I’m having this strange problem with Elixir combined with Docker that I can’t find a similar incidence of elsewhere. I built a web app using Phoenix and dockerized it with docker-compose. It connects to a database and contacts various different services on the public internet. Recently I restarted my server after updating, and now I’m seeing errors like these in the logs:
** (exit) an exception was raised:
** (Protocol.UndefinedError) protocol Enumerable not implemented for {:error, :eaddrnotavail} of type Tuple.

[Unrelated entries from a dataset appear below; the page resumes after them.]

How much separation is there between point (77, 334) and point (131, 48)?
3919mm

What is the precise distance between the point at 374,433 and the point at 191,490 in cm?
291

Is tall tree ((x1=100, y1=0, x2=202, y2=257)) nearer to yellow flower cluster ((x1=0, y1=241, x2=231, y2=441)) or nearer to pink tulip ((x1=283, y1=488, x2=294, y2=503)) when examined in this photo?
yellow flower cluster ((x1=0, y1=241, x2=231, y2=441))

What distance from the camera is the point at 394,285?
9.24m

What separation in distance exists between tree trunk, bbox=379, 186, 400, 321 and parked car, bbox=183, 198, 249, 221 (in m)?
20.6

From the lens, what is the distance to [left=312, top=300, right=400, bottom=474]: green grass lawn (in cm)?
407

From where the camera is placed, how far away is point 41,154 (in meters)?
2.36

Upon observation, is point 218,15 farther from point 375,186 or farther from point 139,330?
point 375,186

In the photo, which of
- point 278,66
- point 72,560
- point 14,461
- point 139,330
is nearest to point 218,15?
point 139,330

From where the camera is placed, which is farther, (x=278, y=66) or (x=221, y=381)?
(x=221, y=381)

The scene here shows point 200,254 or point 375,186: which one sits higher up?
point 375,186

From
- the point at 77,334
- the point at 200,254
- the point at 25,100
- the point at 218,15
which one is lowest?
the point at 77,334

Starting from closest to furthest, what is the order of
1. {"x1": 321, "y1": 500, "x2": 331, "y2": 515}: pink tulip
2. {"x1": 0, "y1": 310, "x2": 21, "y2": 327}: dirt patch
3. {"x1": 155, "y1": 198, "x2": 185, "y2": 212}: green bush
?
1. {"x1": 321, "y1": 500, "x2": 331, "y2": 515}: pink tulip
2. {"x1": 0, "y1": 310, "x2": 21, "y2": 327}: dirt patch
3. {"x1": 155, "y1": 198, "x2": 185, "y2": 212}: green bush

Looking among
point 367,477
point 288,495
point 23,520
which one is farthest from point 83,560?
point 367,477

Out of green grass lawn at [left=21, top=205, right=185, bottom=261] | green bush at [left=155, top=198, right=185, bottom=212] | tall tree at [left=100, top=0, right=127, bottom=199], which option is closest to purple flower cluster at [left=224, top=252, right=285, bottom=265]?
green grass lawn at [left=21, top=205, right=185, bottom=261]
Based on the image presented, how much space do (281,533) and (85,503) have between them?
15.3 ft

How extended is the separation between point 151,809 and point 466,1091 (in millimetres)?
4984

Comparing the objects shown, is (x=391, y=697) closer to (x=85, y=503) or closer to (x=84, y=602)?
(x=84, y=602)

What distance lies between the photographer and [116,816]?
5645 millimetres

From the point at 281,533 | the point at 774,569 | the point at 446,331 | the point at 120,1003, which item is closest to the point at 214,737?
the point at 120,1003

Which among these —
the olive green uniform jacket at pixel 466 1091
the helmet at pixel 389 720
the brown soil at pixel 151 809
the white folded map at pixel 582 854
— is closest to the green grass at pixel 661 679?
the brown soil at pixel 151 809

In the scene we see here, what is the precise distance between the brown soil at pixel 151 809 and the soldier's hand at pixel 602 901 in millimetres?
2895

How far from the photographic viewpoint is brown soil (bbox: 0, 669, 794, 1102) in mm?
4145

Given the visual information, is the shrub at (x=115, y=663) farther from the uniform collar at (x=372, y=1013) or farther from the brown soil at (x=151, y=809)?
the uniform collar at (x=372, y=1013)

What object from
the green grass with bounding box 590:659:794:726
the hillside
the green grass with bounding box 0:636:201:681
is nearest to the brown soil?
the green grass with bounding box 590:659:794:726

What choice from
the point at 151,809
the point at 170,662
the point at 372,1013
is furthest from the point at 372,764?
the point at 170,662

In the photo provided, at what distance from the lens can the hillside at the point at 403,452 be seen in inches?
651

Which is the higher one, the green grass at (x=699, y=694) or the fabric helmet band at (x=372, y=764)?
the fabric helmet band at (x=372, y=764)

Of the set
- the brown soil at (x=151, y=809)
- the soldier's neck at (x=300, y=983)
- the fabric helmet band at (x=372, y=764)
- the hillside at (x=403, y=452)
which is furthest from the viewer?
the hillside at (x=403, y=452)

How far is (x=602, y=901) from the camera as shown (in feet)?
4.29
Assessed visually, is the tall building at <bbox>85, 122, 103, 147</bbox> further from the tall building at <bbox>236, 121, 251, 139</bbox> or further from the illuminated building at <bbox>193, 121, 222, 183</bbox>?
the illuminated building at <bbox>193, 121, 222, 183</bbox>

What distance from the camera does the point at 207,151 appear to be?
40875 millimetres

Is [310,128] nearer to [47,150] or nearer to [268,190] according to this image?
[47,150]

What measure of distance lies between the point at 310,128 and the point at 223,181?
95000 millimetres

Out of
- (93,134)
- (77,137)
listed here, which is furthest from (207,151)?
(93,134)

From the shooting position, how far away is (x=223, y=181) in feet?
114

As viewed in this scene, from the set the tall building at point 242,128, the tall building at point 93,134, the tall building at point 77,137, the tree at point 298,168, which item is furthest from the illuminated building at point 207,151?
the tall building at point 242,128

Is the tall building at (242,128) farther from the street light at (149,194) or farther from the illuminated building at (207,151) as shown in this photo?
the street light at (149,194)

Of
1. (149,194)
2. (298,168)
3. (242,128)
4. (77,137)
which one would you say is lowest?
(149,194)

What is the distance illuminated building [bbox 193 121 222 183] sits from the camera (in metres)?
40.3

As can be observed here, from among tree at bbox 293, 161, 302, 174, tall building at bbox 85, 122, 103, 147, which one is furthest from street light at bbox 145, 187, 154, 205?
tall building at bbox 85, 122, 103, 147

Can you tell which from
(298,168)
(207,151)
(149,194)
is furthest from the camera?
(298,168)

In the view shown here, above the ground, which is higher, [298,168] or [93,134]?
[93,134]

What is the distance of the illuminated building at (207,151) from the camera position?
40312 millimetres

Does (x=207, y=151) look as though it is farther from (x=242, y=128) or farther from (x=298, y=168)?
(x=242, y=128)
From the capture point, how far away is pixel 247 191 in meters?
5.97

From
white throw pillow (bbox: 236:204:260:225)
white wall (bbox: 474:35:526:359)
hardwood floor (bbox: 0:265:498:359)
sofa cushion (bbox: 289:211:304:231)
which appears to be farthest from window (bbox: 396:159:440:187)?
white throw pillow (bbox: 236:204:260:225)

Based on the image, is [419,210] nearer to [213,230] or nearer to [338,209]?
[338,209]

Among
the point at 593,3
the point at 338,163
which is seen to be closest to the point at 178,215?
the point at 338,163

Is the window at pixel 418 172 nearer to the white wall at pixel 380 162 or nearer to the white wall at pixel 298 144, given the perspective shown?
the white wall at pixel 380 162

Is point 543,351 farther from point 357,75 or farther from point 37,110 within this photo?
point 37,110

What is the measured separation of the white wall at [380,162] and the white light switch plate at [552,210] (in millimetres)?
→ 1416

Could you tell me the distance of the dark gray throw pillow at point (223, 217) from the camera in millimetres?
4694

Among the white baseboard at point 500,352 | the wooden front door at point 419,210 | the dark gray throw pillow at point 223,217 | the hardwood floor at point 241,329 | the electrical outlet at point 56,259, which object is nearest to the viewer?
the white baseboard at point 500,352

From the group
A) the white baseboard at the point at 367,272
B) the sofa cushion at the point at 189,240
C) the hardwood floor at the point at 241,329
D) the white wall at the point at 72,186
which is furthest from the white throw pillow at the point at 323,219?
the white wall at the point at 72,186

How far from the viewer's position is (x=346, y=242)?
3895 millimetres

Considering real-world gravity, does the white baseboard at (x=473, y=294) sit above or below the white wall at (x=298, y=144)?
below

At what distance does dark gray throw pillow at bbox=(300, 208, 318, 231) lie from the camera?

This protocol is implemented for the following type(s): Ecto.Adapters.SQL.Stream, Postgrex.Stream, DBConnection.Stream, DBConnection.PrepareStream, Floki.HTMLTree, Function, Range,
, Stream, List, GenEvent.Stream, HashDict, IO.Stream, File.Stream, HashSet
(elixir 1.10.3) lib/enum.ex:1: Enumerable.impl_for!/1
(elixir 1.10.3) lib/enum.ex:141: Enumerable.reduce/3
(elixir 1.10.3) lib/enum.ex:3383: Enum.map/2
(to_booru 0.1.0) lib/to_booru.ex:58: ToBooru.extract_uploads/2
(szurupull 0.1.0) lib/szurupull_web/controllers/upload_controller.ex:29: Szurupull.UploadController.extract/2
(szurupull 0.1.0) lib/szurupull_web/controllers/upload_controller.ex:1: Szurupull.UploadController.action/2
(szurupull 0.1.0) lib/szurupull_web/controllers/upload_controller.ex:1: Szurupull.UploadController.phoenix_controller_pipeline/2
(phoenix 1.5.7) lib/phoenix/router.ex:352: Phoenix.Router.__call__/2
As it turns out the Phoenix process in the container was no longer able to fetch any webpages on the external internet. Instead it gets back the error code :eaddrnotavail
. However, it was still connected to the database container, and I could still visit the webpage of the Phoenix app in my browser correctly, so it looks like the connection between the Docker containers is functioning properly.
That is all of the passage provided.